*** Opening Information shown ***
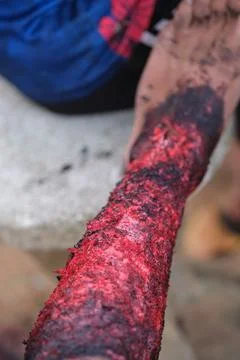 Fire burn makeup special effect Stock Photos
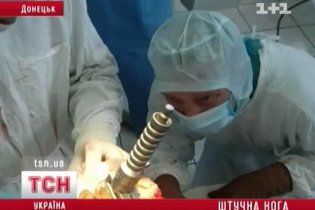 Донецькі хірурги поставили пацієнта на ноги, зробивши йому стегно з титану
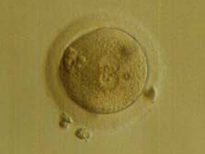 Human 2PN zygote form unstimulated cycle IVF-ET program using immature oocyte.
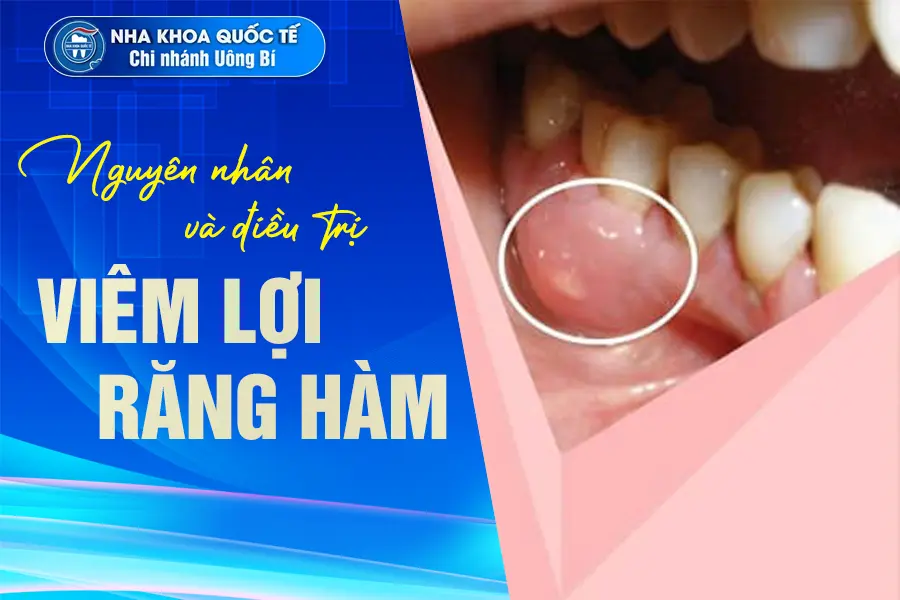 viêm lợi răng hàm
*** Closing Information shown ***
Task item | After locating the line with "Донецькі хірурги поставили", transcribe it and the rest of the data above exactly as written, without any picture.

Exercise answer |
 Донецькі хірурги поставили пацієнта на ноги, зробивши йому стегно з титану
 Human 2PN zygote form unstimulated cycle IVF-ET program using immature oocyte.
 viêm lợi răng hàm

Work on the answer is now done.